Most of the Oak Street clinic openings slated for 2024 will likely be in the year's second half, he said.
CVS also is piloting a reversed model that carves out a small space in existing Oak Street clinics for pharmacy operations, Pykosz added.
The goal is to build on a key CVS strategy for care integration in which it handles multiple aspects of a patient's healthcare experience, from a doctor's visit to insurance to prescriptions.
CVS stores have faced staffing constraints and less retail demand in recent years, forcing the company to shutter hundreds of locations. The company operates more than 9,000 retail pharmacies, in addition to about 1,000 MinuteClinic sites, which are in-store walk-in clinics separate from Oak Street and tailored to younger patients.
CVS dabbled in clinical trials for a few years, and it bought home care company Signify Health for about $8 billion last year. CVS acquired insurer Aetna in a $69 billion deal in 2018. Its Caremark division operates as a pharmacy benefit manager.
“CVS is a very large business with multiple components,” Pykosz said. “My hope coming in was we find these opportunities to take our model to the next level for our patients and make more of an impact.”

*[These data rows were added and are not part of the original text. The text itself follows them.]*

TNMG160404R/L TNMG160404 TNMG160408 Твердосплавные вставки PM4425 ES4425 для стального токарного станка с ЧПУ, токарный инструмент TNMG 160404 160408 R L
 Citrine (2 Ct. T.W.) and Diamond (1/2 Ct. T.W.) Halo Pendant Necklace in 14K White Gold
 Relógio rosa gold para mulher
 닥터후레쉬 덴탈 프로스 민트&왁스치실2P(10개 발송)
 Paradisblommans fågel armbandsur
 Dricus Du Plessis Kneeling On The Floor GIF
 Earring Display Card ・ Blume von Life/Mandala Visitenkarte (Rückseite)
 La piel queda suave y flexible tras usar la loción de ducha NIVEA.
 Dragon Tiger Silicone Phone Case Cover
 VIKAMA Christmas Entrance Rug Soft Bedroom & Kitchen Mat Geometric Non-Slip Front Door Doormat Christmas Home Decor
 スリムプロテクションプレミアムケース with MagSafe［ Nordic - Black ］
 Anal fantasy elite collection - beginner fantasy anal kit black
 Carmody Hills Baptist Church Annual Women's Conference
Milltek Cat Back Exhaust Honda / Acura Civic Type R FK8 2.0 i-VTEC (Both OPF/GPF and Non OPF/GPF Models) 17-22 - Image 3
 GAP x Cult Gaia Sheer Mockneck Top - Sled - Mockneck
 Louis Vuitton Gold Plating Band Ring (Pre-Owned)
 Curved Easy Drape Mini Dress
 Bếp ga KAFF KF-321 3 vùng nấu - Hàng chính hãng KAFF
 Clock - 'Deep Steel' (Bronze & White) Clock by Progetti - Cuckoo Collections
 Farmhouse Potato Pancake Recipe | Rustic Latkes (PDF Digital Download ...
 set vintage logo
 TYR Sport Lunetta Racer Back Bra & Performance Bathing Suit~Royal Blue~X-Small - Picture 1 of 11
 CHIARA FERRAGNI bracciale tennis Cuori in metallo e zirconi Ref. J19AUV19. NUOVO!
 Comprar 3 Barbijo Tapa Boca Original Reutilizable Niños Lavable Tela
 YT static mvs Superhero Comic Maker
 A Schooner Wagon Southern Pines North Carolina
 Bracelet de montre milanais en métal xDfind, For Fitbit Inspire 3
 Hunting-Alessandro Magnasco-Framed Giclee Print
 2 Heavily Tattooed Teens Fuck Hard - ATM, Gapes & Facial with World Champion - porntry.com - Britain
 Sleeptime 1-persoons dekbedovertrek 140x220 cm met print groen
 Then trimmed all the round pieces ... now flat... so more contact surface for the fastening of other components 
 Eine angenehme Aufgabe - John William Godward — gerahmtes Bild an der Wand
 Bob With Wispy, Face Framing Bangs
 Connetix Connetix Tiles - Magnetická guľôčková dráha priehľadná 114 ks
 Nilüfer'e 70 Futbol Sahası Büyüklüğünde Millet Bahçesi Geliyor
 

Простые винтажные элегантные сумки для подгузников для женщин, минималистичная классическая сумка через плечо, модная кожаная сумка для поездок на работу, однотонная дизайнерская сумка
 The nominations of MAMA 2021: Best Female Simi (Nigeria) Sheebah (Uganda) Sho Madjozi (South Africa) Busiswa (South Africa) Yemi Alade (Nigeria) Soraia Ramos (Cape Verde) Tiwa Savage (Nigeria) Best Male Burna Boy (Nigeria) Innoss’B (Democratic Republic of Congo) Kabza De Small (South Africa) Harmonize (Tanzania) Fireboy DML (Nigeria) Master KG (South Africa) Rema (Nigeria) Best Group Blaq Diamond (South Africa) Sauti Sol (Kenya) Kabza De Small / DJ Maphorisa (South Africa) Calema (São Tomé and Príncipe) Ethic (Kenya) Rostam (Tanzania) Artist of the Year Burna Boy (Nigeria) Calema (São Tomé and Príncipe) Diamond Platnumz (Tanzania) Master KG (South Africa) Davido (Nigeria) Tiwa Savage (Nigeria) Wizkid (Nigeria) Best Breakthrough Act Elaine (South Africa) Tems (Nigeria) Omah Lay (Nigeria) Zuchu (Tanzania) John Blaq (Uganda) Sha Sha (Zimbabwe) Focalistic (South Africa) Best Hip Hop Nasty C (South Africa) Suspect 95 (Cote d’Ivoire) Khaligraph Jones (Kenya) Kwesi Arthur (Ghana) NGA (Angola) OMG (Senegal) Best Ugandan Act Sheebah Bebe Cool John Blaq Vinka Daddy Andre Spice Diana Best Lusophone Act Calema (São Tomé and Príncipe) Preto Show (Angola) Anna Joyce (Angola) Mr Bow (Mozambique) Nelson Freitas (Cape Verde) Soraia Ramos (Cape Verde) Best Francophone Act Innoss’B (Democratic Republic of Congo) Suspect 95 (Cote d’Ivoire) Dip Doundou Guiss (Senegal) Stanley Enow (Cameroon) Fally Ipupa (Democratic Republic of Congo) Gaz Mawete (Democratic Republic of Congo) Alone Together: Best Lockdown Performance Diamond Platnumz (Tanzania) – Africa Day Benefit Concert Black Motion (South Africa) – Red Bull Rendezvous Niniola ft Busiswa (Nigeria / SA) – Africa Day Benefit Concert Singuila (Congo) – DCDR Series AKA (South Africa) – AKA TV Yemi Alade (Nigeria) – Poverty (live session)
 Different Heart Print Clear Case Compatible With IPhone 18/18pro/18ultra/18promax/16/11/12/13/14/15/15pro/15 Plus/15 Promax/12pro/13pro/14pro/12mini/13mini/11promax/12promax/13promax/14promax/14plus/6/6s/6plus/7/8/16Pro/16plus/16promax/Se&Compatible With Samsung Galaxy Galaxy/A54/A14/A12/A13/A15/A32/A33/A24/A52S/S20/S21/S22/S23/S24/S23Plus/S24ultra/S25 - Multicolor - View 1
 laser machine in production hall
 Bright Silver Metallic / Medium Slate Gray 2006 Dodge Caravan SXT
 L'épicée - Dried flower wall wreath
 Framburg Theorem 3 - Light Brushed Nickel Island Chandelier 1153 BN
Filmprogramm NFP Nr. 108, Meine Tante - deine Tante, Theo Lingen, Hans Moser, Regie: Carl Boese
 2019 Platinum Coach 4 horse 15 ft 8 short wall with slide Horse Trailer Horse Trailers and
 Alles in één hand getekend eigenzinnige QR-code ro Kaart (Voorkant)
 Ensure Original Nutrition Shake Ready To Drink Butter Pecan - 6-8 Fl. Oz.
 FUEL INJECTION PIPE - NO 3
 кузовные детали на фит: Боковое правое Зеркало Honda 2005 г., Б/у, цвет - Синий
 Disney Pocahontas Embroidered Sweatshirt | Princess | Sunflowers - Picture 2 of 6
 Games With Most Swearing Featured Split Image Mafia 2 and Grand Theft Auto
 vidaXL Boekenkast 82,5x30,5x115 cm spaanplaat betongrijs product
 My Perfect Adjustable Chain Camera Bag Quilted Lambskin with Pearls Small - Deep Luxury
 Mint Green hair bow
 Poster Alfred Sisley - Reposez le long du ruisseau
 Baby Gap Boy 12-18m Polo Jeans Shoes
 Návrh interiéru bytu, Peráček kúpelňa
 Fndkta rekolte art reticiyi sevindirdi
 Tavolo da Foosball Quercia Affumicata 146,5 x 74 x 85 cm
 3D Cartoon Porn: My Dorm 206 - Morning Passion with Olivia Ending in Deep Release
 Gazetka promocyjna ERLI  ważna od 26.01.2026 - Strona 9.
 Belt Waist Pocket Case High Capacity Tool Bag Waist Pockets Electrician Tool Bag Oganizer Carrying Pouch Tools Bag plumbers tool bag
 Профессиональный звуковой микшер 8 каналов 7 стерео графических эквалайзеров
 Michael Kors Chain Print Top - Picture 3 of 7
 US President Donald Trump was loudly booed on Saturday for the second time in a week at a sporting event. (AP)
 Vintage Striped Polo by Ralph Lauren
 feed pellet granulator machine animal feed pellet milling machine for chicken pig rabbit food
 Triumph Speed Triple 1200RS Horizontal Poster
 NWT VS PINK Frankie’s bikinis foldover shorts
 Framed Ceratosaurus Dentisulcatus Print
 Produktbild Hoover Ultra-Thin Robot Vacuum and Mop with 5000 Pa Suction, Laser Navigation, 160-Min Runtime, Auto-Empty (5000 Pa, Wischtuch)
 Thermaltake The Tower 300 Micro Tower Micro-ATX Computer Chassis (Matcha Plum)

CVS’ expansive retail footprint is underused and adding Oak Street clinics is a natural extension of the company’s integration strategy, but the company will have to be careful with how it implements the co-located model, Julie Utterback, senior equity analyst at Morningstar, said in an email.
Gordon, the University of Michigan professor, said the co-location strategy seems solid in theory, but renovating a space for a primary care clinic is an expensive proposition compared with carving out a small space in the back of a store for vaccinations.
Drugstores can benefit from customers coming in regularly to pick up prescriptions and then buying retail products. Primary care patients, however, don’t visit as frequently for doctor's appointments and going to a drugstore to see a doctor may not be any more convenient than seeing a doctor at a local medical office building, Gordon said.
Walgreens executives say they remain confident in the VillageMD investment, although the focus has shifted away from expansion and more toward ramping up profitability in VillageMD’s strongest markets.
CVS may have a different experience. Its expansion plan for Oak Street has a slower pace than what Walgreens tried, said Jack Slevin, vice president of healthcare services equity research at Jefferies. CVS’ model is dedicating a lot of space to the Oak Street clinics and pharmacy operations, which would allow for more patient volume, he said.
“[CVS is] giving them enough space that it feels like a true Oak Street location,” Slevin said. “If you look at the Walgreens strategy on the square footage side, it was very much more bolting on a smaller Village practice to a Walgreens store that was going to look very much the same."